Most managers spend their entire day in consecutive meetings.

After their last meeting, the last thing they want is another meeting to discuss your career goals.

Sometimes a manager has 15-20 reports, making it hard to communicate your impact.

Misunderstandings and stress can result.

Especially when the manager should focus on selfish parts of the team. Success won't concern them.

What you can do about it

  1. Tell your manager that you are a self-starter and that you will pro-actively update them on your progress, especially if they aren't present at the meetings you regularly attend.

  2. Keep being proactive and look for mentorship elsewhere if you believe your boss doesn't have enough time to work on your career goals.

  3. Alternately, look for a team where the manager has more authority to assist you in making career decisions.

After a certain point, company loyalty can become quite harmful.

Because big tech companies create brand loyalty, too many colleagues stayed in unhealthy environments.

When you work for a well-known company and strangers compliment you, it's fun to tell your friends.

Work defines you.
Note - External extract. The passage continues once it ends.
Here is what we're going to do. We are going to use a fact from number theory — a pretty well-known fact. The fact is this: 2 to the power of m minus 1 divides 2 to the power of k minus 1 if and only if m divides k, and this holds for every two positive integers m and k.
This can make you stay too long even though your career isn't progressing and you're unhappy.

Google may become your surname.

Workplaces are not families.

If you're unhappy, don't stay just because they gave you the paycheck to buy your first home and make you feel like you owe your life to them.

Many employees stayed too long. Though depressed and suicidal.

What you can do about it

  1. Your life is not worth a company.

  2. Do you want your job title and workplace to be listed on your gravestone? If not, leave if conditions deteriorate.
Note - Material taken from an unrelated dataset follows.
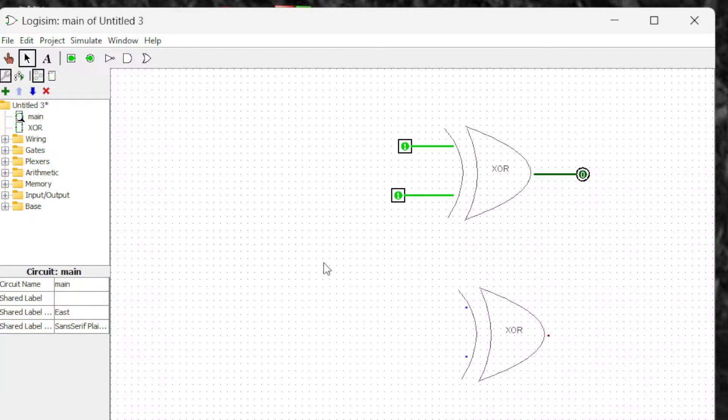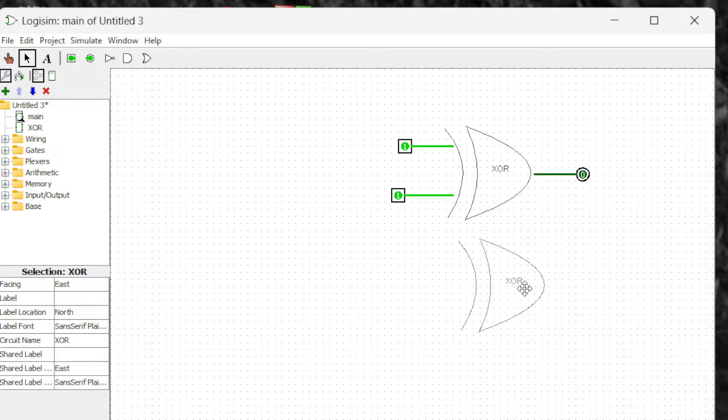That's how we create a sub circuit — it's very useful when you have complex circuits and want to simplify everything. That's it for this video. Thanks for watching, and don't forget to subscribe to my channel.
  3. Recognize that change can be challenging. It's difficult to leave a job you've held for a number of years.

  4. Ask those who have experienced this change how they handled it.

You still have a bright future if you were rejected from FAANG interviews.
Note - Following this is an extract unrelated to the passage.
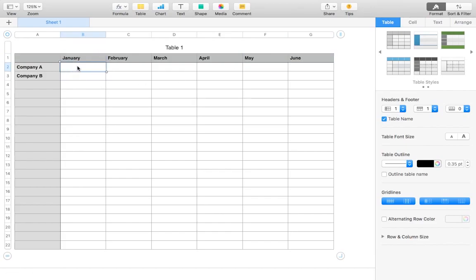And in between here, we're going to list out the actual data. So for Company A, we're going to have, for example, the January income. We're going to have it here since in this cell, 2-2, it's right between Company A and January.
Rejections only lead to amazing opportunities. If you're young and childless, work for a startup.

Companies may pay more than FAANGs. Do your research.

Ask recruiters and hiring managers tough questions about how the company and teams prioritize respectful working hours and boundaries for workers.

I know many 15-year-olds who have a lifelong dream of working at Google, and it saddens me that they're chasing a name on their resume instead of excellence.

This article is not meant to discourage you from working at these companies, but to share my experience about what HR/managers will never mention in interviews.

Read both sides before signing the big offer letter.

Hudson Rennie

Hudson Rennie

3 years ago

My Work at a $1.2 Billion Startup That Failed

Sometimes doing everything correctly isn't enough.

Image via: glassdoor.com licensed under CC BY 2.0

In 2020, I could fix my life.

After failing to start a business, I owed $40,000 and had no work.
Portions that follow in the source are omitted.